Affirmed in part and reversed in part.
 The Council is a public corporation and a political subdivision of the State of Minnesota. Minn. Stat. § 473.123, subd. 1 (2002).
 Alliance is a grass-roots coalition of religious, environmental, and social justice organizations who together advocate for Twin Cities reform in land-use, housing, transportation, economic development, and environmental policies. Alliance promotes a comprehensive approach to regional problems through public education, capacity building in local communities, and advocacy for public policy change.
 CSP is a nonprofit organization based in St. Paul, serving clients and members throughout the metropolitan area. Its mission is to foster and preserve affordable rental housing for its clients and members, particularly people of color. CSP’s activities include helping low-income people find affordable housing in the metropolitan area.

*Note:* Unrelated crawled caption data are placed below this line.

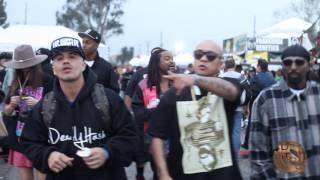 DEADLY HASH- DTPC Hight Times Cannabis Cup San Bernandino 2015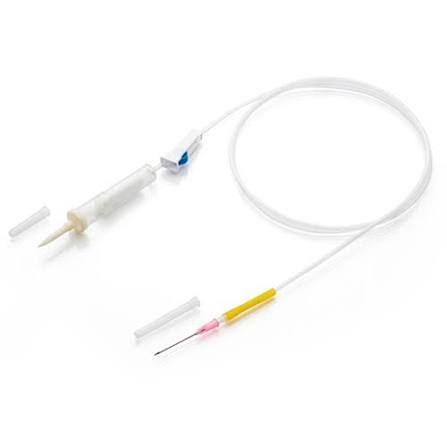 Blood Transfusion Set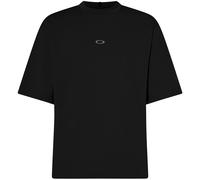 Oakley Oakley Driven Tee blackout (02E) XL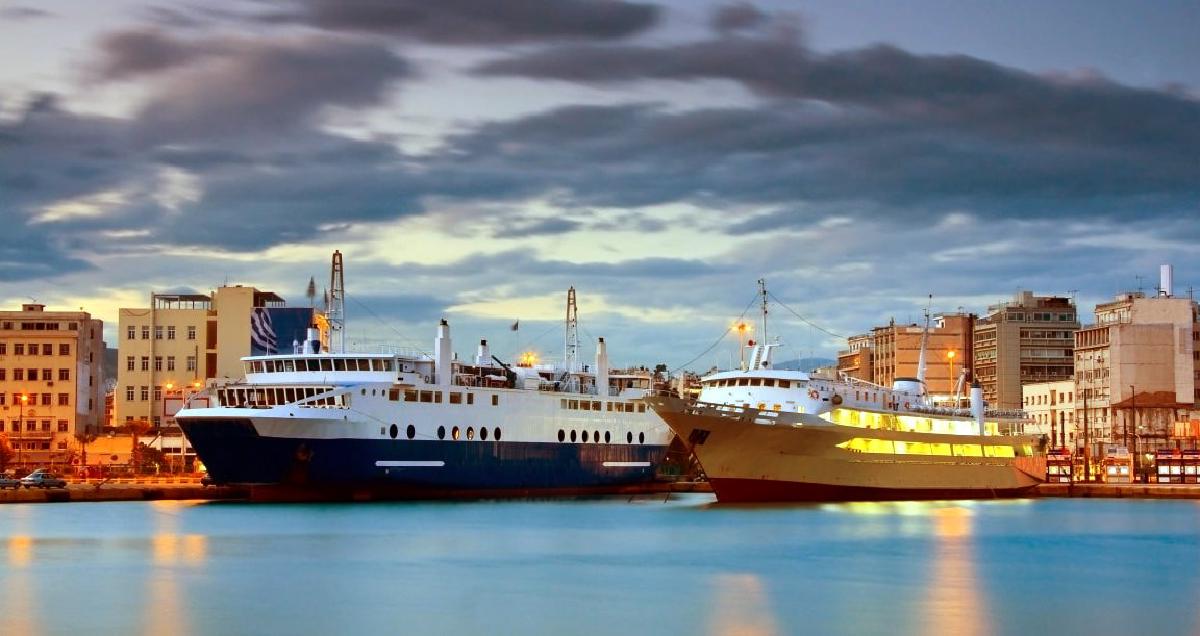 Island Hopping from Athens: The Complete Planning Guide (2026)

 MICAH is a nonprofit organization based in Minneapolis, whose members are congregations and housing organizations drawn from a broad range of faith communities in the Twin Cities. MICAH works for the creation of more affordable housing through public education, advocacy, and local community organization.

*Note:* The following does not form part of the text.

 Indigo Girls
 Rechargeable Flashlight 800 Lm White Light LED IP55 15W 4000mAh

 Appellants appeal only as to the Council and not the City of Eagan. The City of Eagan also moved to dismiss and for summary judgment in the district court, and both motions were granted.
 The parties dispute whether the standing issue arose in the context of a motion for summary judgment or a motion to dismiss or for judgment on the pleadings because additional affidavits were submitted by appellants. It appears that the district court relied only on the pleadings to support its finding. According to Osborn v. United States, 918 F.2d 724, 729 (8th Cir. 1990), the submission of affidavits in support of standing should not convert the motion to summary judgment, and therefore raise the bar of appellants’ proof obligations at such an early stage of the case. Therefore, the standing issue is analyzed here in the context of a motion to dismiss or for judgment on the pleadings.
 Here, appellants’ injuries stem from the cities’ failure to provide for sufficient affordable housing. Appellants contend that the cities’ actions are directly related to the Council’s guidelines because the guidelines encourage the cities to ignore their affordable-housing statutory obligations, thereby satisfying any causation requirement. This is supported through affidavit testimony which states that (1) the Council’s MLUPA guidelines contributed to dramatically lower affordable housing production; (2) as a result of Council guidelines, many cities now disregard MLUPA or no longer believe it to be in effect; (3) Council guidelines that demanded more from cities would lead to more affordable housing development; and (4) the Council’s failure to provide guidelines in compliance with MLUPA has both resulted in the production of fewer affordable units and has set in place a process that will exacerbate the housing crisis into the future. Because the causal link between the Council’s actions and the organizations’ injuries is evidenced in both the complaint and in the supporting affidavits, sufficient causation has been established to pass the dismissal stage.
 Appellants do not assert a right of action under the MLUPA because there is no private right of action under MLUPA.
 The court did not expressly grant or deny the Council’s motion for summary judgment in its order. Instead, it acknowledged that the issue need not be reached in light of its other rulings, gave a cursory discussion of Council’s argument, and found that the Council “acted within its legal authority and not in an arbitrary or capricious manner.” Appellants raise the issue that it is unclear whether the district court actually granted summary judgment. The order states that the memorandum “is part of [the] Order and constitutes the Court’s findings of fact and conclusions of law to the extent required by Minn. R. Civ. P. 52.02.” While the court did not expressly grant the Council’s motion for summary judgment, it concluded that the Council did not act in an arbitrary or capricious manner, thereby ruling on the summary-judgment issue.